Entity Service Permutation Output¶

This tutorial demonstrates the workflow for private record linkage using the entity service. Two parties Alice and Bob have a dataset of personally identifiable information (PII) of several entities. They want to learn the linkage of corresponding entities between their respective datasets with the help of the entity service and an independent party, the Analyst.

The chosen output type is permuatations, which consists of two permutations and one mask.

Who learns what?¶

After the linkage has been carried out Alice and Bob will be able to retrieve a permutation - a reordering of their respective data sets such that shared entities line up.

The Analyst - who creates the linkage project - learns the mask. The mask is a binary vector that indicates which rows in the permuted data sets are aligned.

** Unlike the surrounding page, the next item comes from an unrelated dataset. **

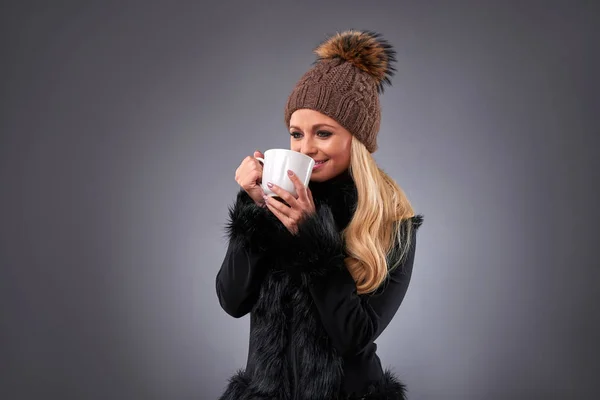 Giovane donna in un maglione e un cappello — Foto Stock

Note this reveals how many entities are shared.

Steps¶

These steps are usually run by different companies - but for illustration all is carried out in this one file. The participants providing data are Alice and Bob, and the Analyst acting the integration authority.

Check connection to Entity Service
Data preparation
Write CSV files with PII
Create a Linkage Schema
Create Linkage Project
Generate CLKs from PII
Upload the PII
Create a run
Retrieve and analyse results

Check Connection¶

If you’re connecting to a custom entity service, change the address here.

[1]:

import os
url = os.getenv("SERVER", "https://anonlink.easd.data61.xyz")
print(f'Testing anonlink-entity-service hosted at {url}')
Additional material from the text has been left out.